Italy Bonds End Winning Run After Specter of Junk Rating Returns
(Bloomberg) -- Just when investors thought they were safe holding Italian bonds, Fitch Ratings took the country to the precipice of losing its investment grade rating.
In a surprise move, Fitch downgraded the euro area’s third-largest economy by a notch to BBB-, just one level above junk, putting the nation’s bonds on course to ending their longest winning run in a month. It’s ratcheting up the pressure on Italy’s political leaders to make sure fiscal deficits don’t get too far out of hand, and on the European Union to provide greater support.
“It underlines that Europe needs to get on with a proper fiscal support program,” said Charles Diebel, a money manager at Mediolanum SpA. “With what’s going on with debt levels it’s hardly surprising Fitch downgraded Italy.”
Italy’s bond market is currently on life support from the European Central Bank, which is providing the nation with a guaranteed buyer of its debt under the pandemic bond-buying program. But even with that, Italy’s yield premium over Germany -- known domestically as “lo spread” -- has widened this month. The ECB is set for its next decision Thursday.
Last Minute Tweak
It could’ve been worse for Italy. In its decision statement, Fitch hinted that it was close to a bigger downgrade, or at least a lowering of the country’s outlook, before Italy provided additional information to assuage the agency’s concerns.
“That resulted in a rating action that is different than the original rating committee outcome,” it said. A spokesman for the Italian Treasury declined to comment on the issue.

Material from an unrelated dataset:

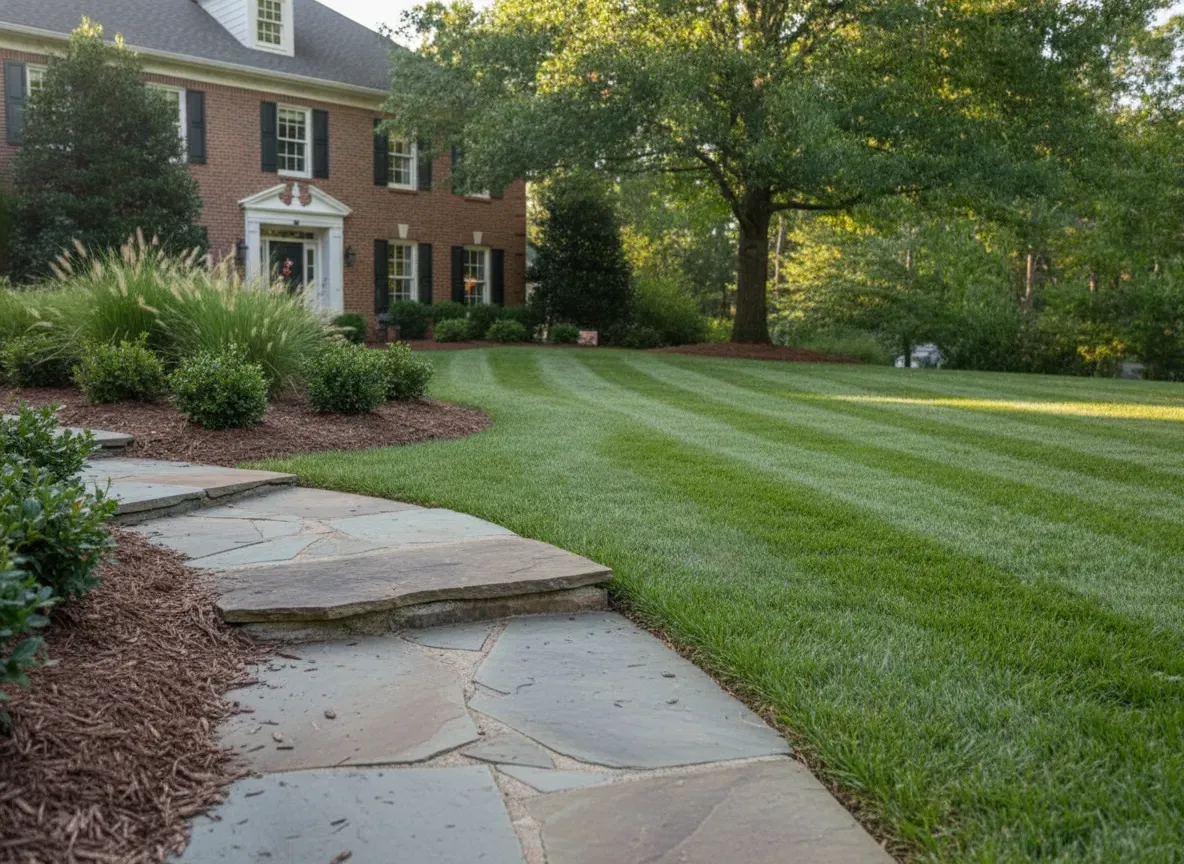 A healthy, evenly green residential lawn beside a stone walkway and mulched planting beds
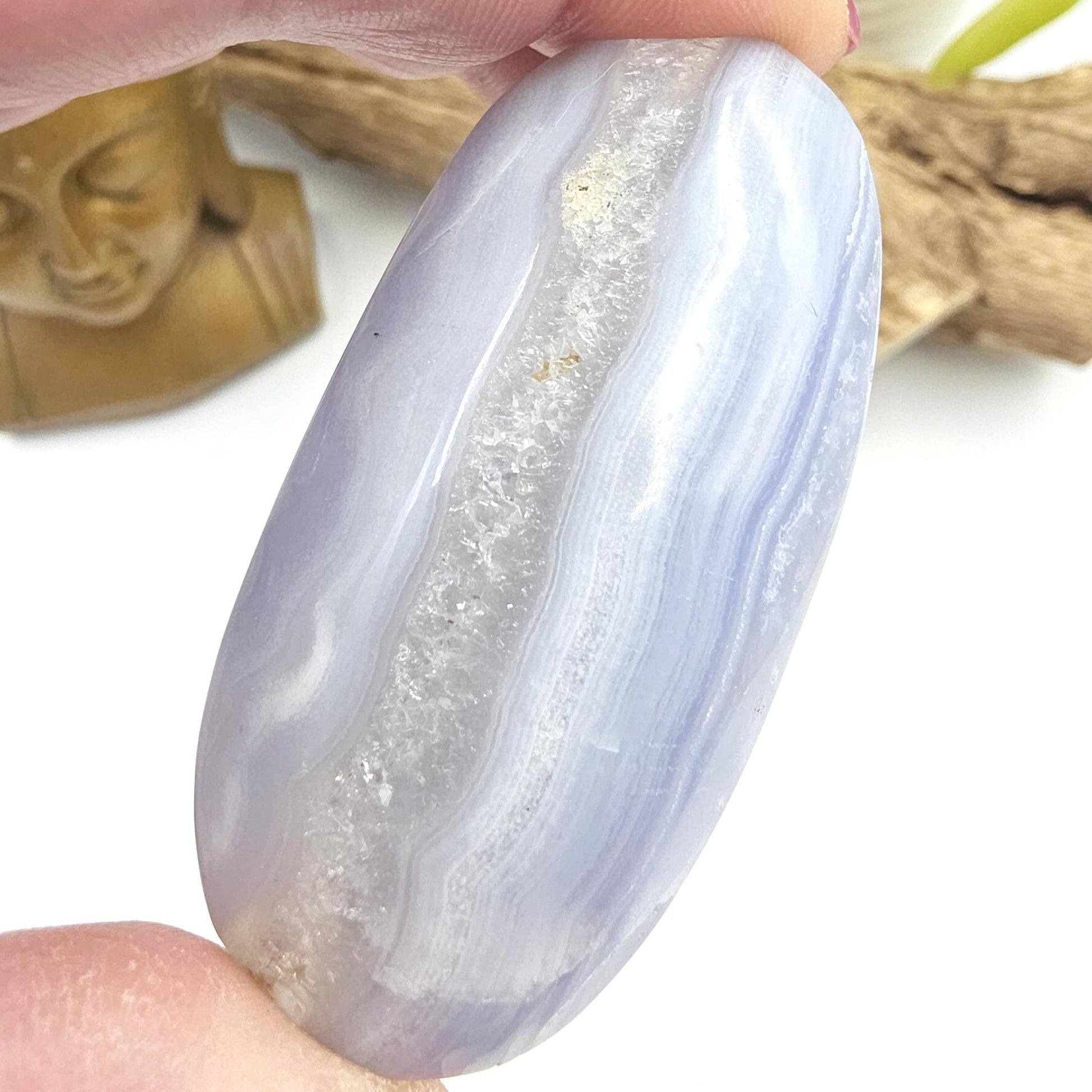 Blue Lace Agate Palm Stone – Calm, Communication & Throat Chakra Crystal, 60g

The timing of the move caught many investors off guard given that Fitch was scheduled hold its next review on July 10. The company noted that developments in the country -- which include the significant impact of the global Covid-19 pandemic on Italy’s economy and the sovereign’s fiscal position -- necessitated action outside the set date.
To avoid more downgrades, Fitch will need to see a credible economic plan to ensure debt-to-GDP trends lower.
Yields on 10-year bonds jumped as much as 10 basis points to 1.83%. That unwound much of the yields’ drop this week after S&P Global Ratings left the nation’s status unchanged on Friday. The yield spread over Germany widened as much as 11 basis points to 231 basis points.
Moody’s Investors Service is next to go, with a review scheduled for May 8. The agency has Italy just one notch above junk, though signaled last week it may hold off downgrading the nation.
“Italian bond resilience will be put to test following Italy’s surprise downgrade,” wrote Commerzbank AG strategists Cem Keltek and Michael Leister. “The bar for further action is low and the pressure on the 2021 draft budget high.”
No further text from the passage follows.